After locating the line with "Ergotron Deskalator Sit" below, output it and each following line exactly, stopping after the line with "bontott SKODA SUPERB". No pictures.

Data for processing:
- Opening Delimiter -

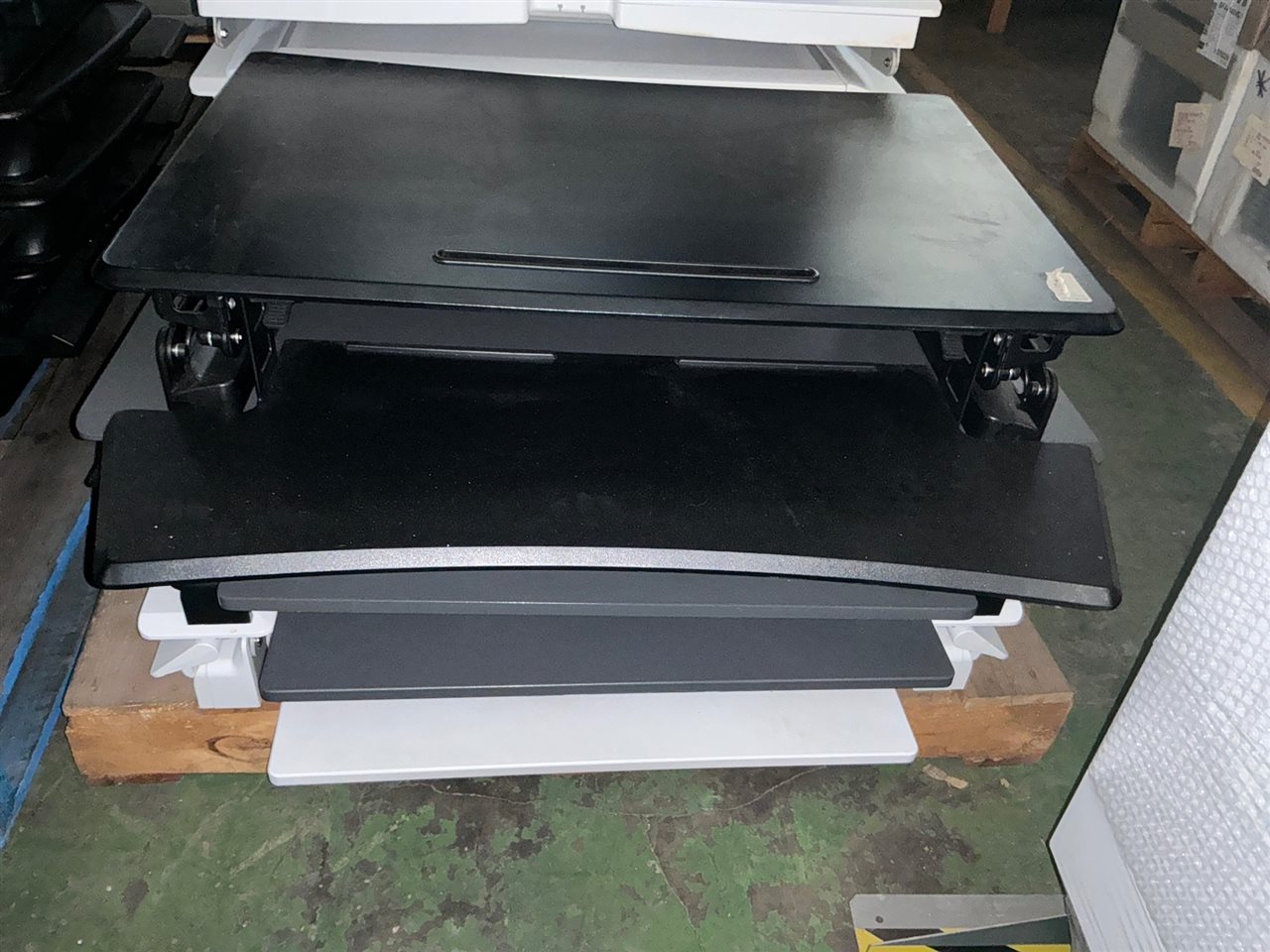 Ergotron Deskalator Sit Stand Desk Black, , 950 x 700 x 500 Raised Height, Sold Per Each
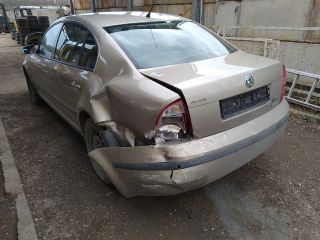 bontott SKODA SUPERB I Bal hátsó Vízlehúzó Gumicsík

- Closing Delimiter -
- Opening Delimiter -

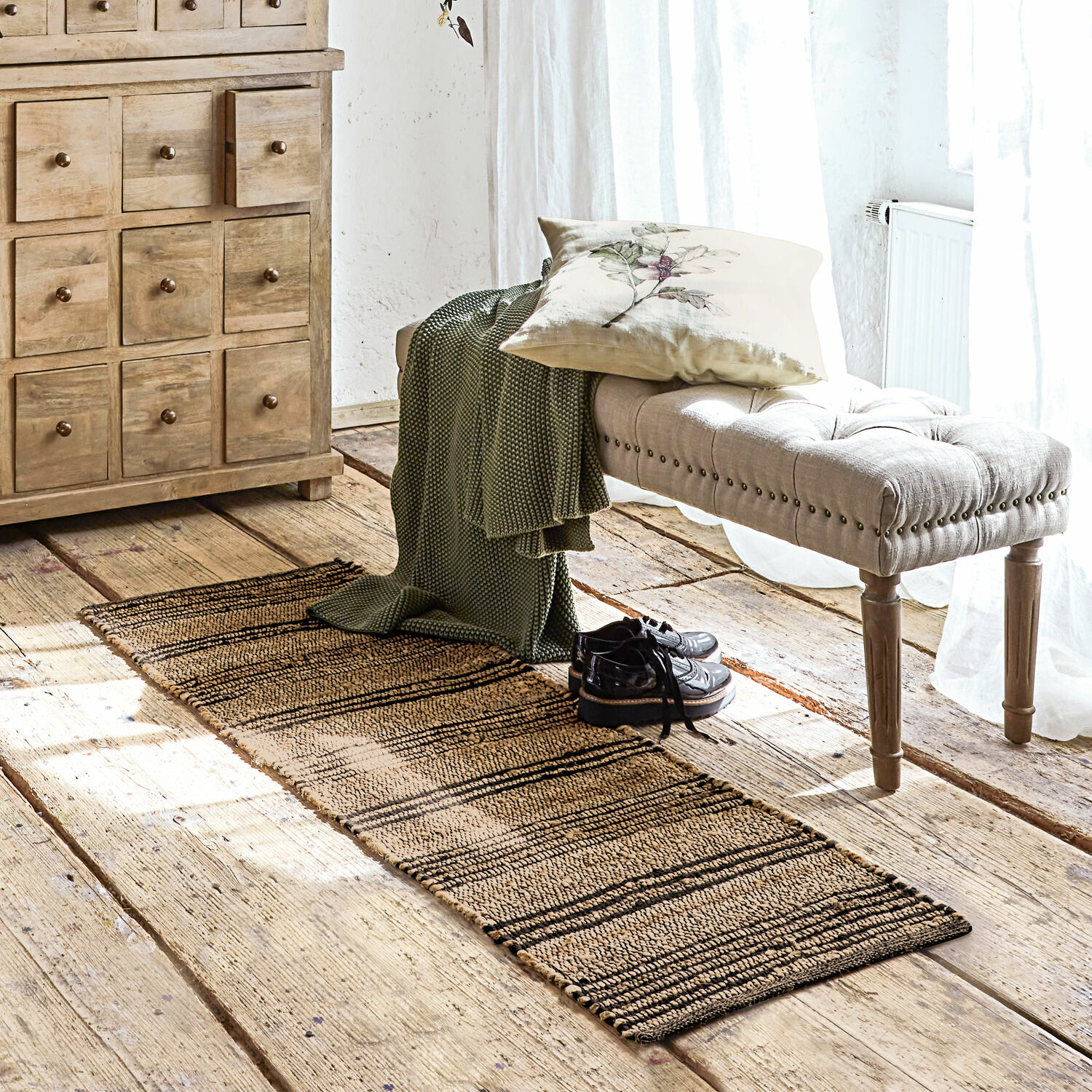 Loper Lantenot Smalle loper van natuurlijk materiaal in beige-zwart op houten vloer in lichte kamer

- Closing Delimiter -

Result of the exercise:
 Ergotron Deskalator Sit Stand Desk Black, , 950 x 700 x 500 Raised Height, Sold Per Each
 bontott SKODA SUPERB I Bal hátsó Vízlehúzó Gumicsík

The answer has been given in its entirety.